The
sieve of
Eratosthenes finds prime numbers by creating a list of numbers, taking the smallest number in this list that is not stroken out and striking out all of its multiples, then going on to the next number that is not stroken out and so on.
For example, if the starting list is (2, 3, 4, 5, 6, 7, 8, 9) (we do leave out 1, because it is not a prime), then the first number from the list is 2, and therefore 4, 6 and 8 cannot be primes and are removed from the list: 2 is prime, and the list is now (3, 5, 7, 9). Lowest number from the list is 3, and therefore 6 and 9 cannot be primes, leaving (5, 7) and so on.
We implement this with a TEMPORARY TABLE work which contains the numbers we want to work with, and a result table prim, in which we will store the found primes.
The basic framework for a stored procedure is
DROP PROCEDURE IF EXISTS primes;
DELIMITER //
CREATE PROCEDURE primes(IN count bigint)
LANGUAGE SQL
SQL SECURITY INVOKER
DETERMINISTIC
BEGIN
END;
//
DELIMITER ;
That is, first we drop the procedure we want to create, if it already exists. That way we will not get an error if it does not already exist, and we won't get an error when we want to redefine it. A stored procedure must be entered as a single command, but the individual commands in it are terminated with ";" as usual. Thus we have to change the system delimiter from the usual ";" to something else. I chose "//" here. All between DELIMITER // and the closing // is the procedure proper.
A stored procedure consists of a CREATE PROCEDURE statement that declares a procedure head and the procedure body which has to be a simple statement or a compound statement enclosed in BEGIN and END. The procedure head states the parameters of the procedure and the different options for it.
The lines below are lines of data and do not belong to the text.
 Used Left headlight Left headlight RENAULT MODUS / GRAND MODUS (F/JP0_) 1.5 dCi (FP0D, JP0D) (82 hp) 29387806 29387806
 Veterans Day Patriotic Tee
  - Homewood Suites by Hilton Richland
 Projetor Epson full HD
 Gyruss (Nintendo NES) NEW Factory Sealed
We supply one parameter, which is an input parameter ("IN") named 'count' of the SQL type bigint. 'count' is the upper limit to which we want to search for primes, starting at 2.
Our stored procedure language will be SQL, and we declare it. Actually, we do not have to declare it, because the only language MySQL understands currently is SQL, and that's why we made it the default. :) But for compatibility with other database systems, and because it is good manners we include the language declaration anyway.
A stored procedure can run with the access permission of the user that called it, the INVOKER, or it can behave like a Unix program with Set User ID bit set. The latter is called DEFINER rights in SQL. Unfortunately, the default is SQL SECURITY DEFINER, which from a security point of view is like making any program in your Unix systems Set User ID by default, so it is good practice to declare SQL SECURTY INVOKER just to make sure no unintended privilege escalation happens.
For good measure we also declare the procedure as DETERMINISTIC, that is, having the same result every time it is being called. We should not do this if we use time or random functions or other things apart from call parameters that influence the result. The DETERMINSTIC hint can be useful for the optimizer in the future, but currently it is just being ignored.
Inside the procedure we are can be using SQL statements as we are used to them, local variables and parameters, session variables and procedural SQL extensions such as loops and conditions. We will see a few of them shortly.
Local variables and parameters can be used just like identifiers. They are not prefixed with @ or any other character. They must be declared so that the parser can decide if a name is a reserved word, a variable or a syntax error. Parameters are declared in the procedure head - they can be IN for input parameters, OUT for output parameters or INOUT if you want both. They also have a type, choose any of the SQL types you are familiar with.
Local variables also must be declared, using DECLARE statements just after the BEGIN statement. For example
DECLARE i bigint DEFAULT 2;
DECLARE current bigint DEFAULT 0;
will declare two variables, i and current, both of them of the type bigint, and will also provide default values of 2 respective 0 to them.
Another thing that must be declared is handlers for error conditions. We provide EXIT handlers, and CONTINUE handlers, which provide statements to handle the error and define an action that is to be taken afterwards: Either the procedure is aborted or continued after the error.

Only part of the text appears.